Gender does not seem to be a predisposing factor for ear malformations either in our
study or in the literature.[4],[10] However, studies concerning the prevalence by sex of the different malformations
in general are lacking, apart from those on the anomalies of the external ear that
note a male predominance.[11] More than the age of the patients included, the present study demonstrated a significant
correlation between IEMs and early age at diagnosis. The children were mostly the
first born in the family (7/9 cases), like in other studies on deafness.[12],[13] Children were mostly out of school, perhaps because of the hearing loss?
The main reason for consultation in children’s SNHL was a language delay according
to Ridal et al.[14] The profound deafness would favor early diagnosis, even in under-equipped countries,
because of the main impact on the language development of young children. We did not
note any pathological history in our work, due to the size of our sample. However,
the role of pregnancy and childbirth conditions as well as prenatal infections, in
particular TORCH, are known to be responsible of congenital craniofacial malformations,
including auricular. Indeed, ear malformations may have not only an acquired background
(infections, chemical agents, irradiation, etc.) but also a genetic origin. Theses
malformations can affect outer/middle ant inner ear, sometimes in combination.
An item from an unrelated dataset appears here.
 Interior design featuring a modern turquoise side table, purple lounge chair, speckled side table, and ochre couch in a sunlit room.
But
the different embryogenesis of the outer/middle ear and the inner ear explains malformations
in outer and/or middle ear without IEMs.[3] An association with other malformations (cervical, renal, cardiac, etc.) is noted
in two patients, which may be part of so-called syndromic genetic deafness described
in 10 to 30% of cases of genetic deafness.[3] The IEMs were associated with profound and/or severe degree sensorineural deafness
in majority of cases, with varying rates.[8],[10]
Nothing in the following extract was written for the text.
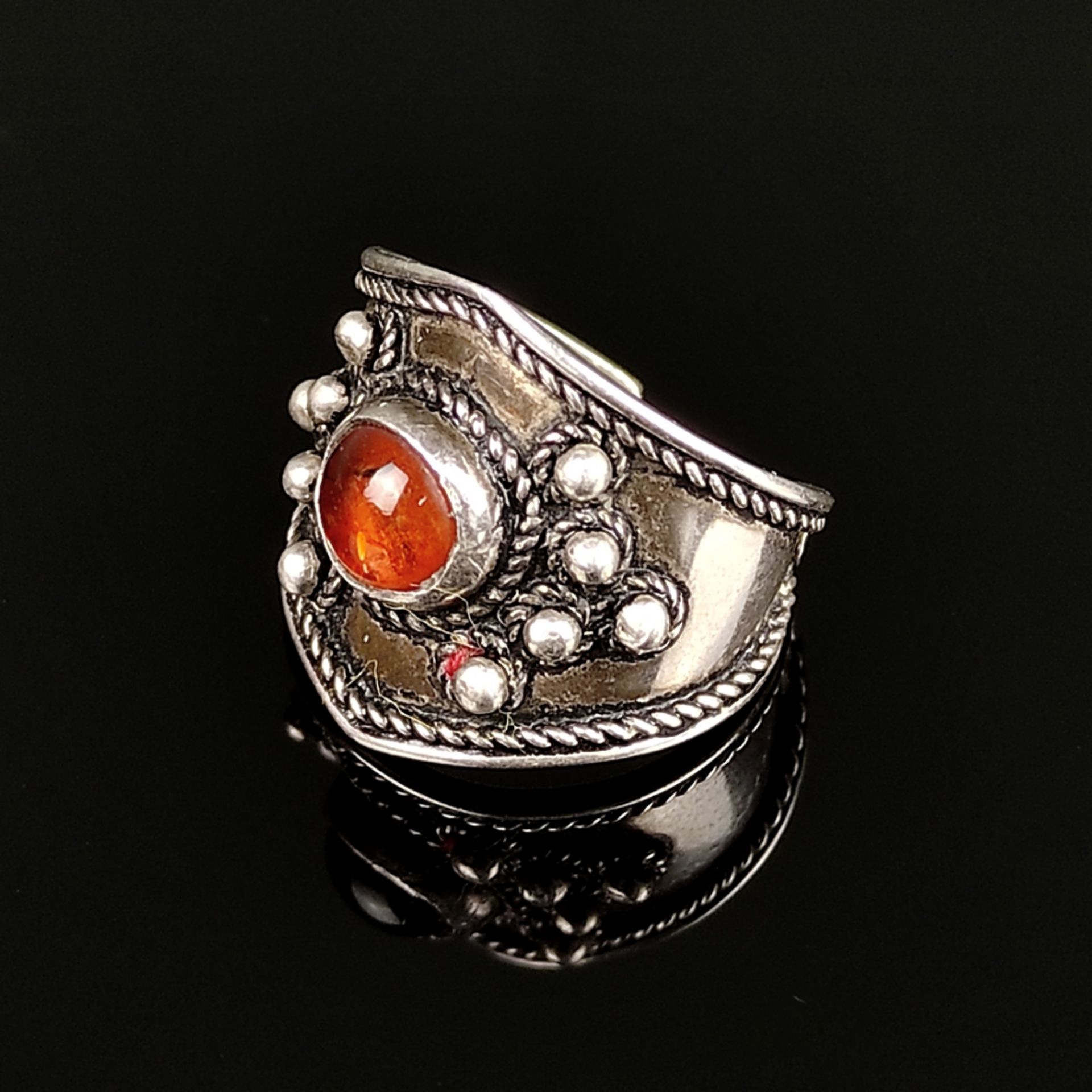 Antique amber ring, silver 925 (hallmarked), 6,0g, centre set with oval transparent honey amber cab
CT is the first-line examination in the exploration of the ear in children, but CT
and MRI must be complementary in the preoperative assessment. MRI essentially makes
it possible to look for an anomaly of the cochlear nerve or of the labyrinthine membranous
structures and of the brain.[1],[4] In most cases, the underlying disorders involve the membranous labyrinth at a microscopic
level and therefore radiological examinations are entirely normal.[1] The most used classification is that in eight groups.[1],[5],[6] Majority of patients demonstrated multiple abnormalities.[5] The prevalence of any type of IEMs is variable with large differences in the proportions
reported by studies. In our series, the most common abnormalities were SCC malformations,
including SCC hypoplasia and dehiscence of superior SCC bone capsule. In second position,
we had cochlear malformations with cochlear hypoplasia type II or III (25%) while
incomplete partitions were the most frequent malformations in studies by Sennaroglu
and Sun.[7],[15] Conversely, the most common malformations were dilated vestibules for other authors.[9],[16] An enlarged vestibular aqueduct has been reported at high rates (40–56%) in several
studies, whereas they represent only 2.5% of the malformations in our series.[9],[15],[17] No documented explanation could justify these significant differences.
Conclusion
This study shows that 11.1% of children with profound SNHL have inner ear malformations.
SCC anomalies and cochlear hypoplasia were the most common. A precise description
of these malformations during the imaging assessment is particularly useful for cochlear
implantation, for better planning of this surgery.